Finding your first users is less a persuasion challenge and more a search problem. YC General Partner Ankit Gupta advises building a "minimum evolvable product," designed to survive initial contact with a small group of true believers and adapt based on their feedback. The goal isn't to build a perfect, final version, but something simple that can be shaped by the people who need it most. Early adopters are defined by the urgency of their problem; they are actively looking for a solution and can see the long-term vision through a product's initial flaws. YC's advice is to find 10 customers who truly *love* your imperfect solution because it solves a "hair on fire" problem for them. These users provide critical feedback and are your first test for product-market fit. To find these users, go where they already are. This includes niche online communities like subreddits (e.g., r/startups), industry-specific Slack groups, and forums.

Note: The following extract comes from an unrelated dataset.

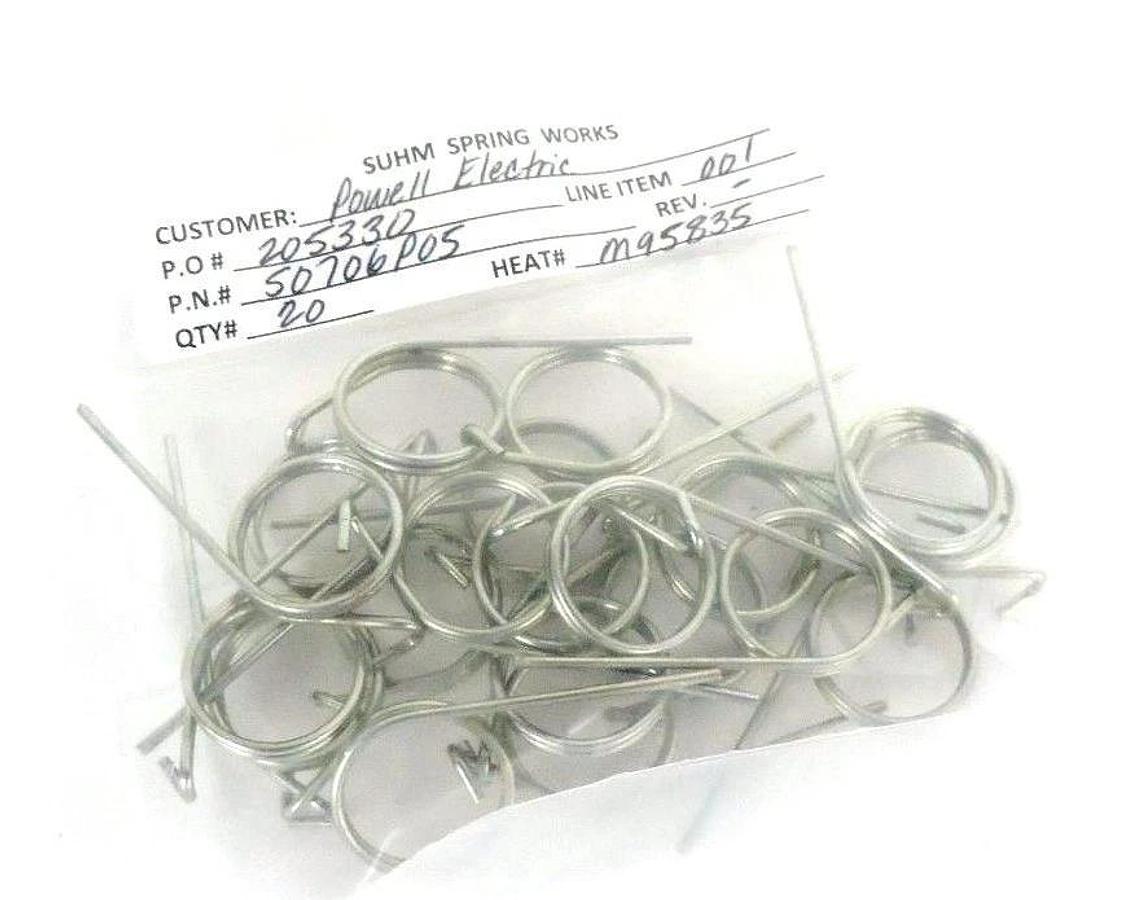 Used LOT OF 20 SUHM SPRING WORKS 50706P05 SPRINGS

On LinkedIn, you can directly target professionals by job title—mid-level product managers are often a good starting point—to initiate conversations. Effective cold outreach prioritizes personalization over volume. Use the recipient's name and reference their specific company, role, or a recent achievement to show you've done your research. Keep subject lines short and intriguing, like "Quick question," and frame your message around solving their specific pain points, not just pitching your product. The initial conversation should be a "discovery call," aimed at determining if there's a good fit by understanding the prospect's challenges and goals. The objective is to learn, not to sell, and to establish a rapport where you can genuinely understand their workflow and pain points. This two-way dialogue sets the stage for the entire relationship. Structure your discovery calls around open-ended questions that uncover deep insights. Start with broad questions like, "Can you walk me through your current process?" before drilling down with, "What's the biggest challenge you're facing right now?" Follow up by asking what solutions they've already tried; this helps reveal market gaps and how urgently they need a better way.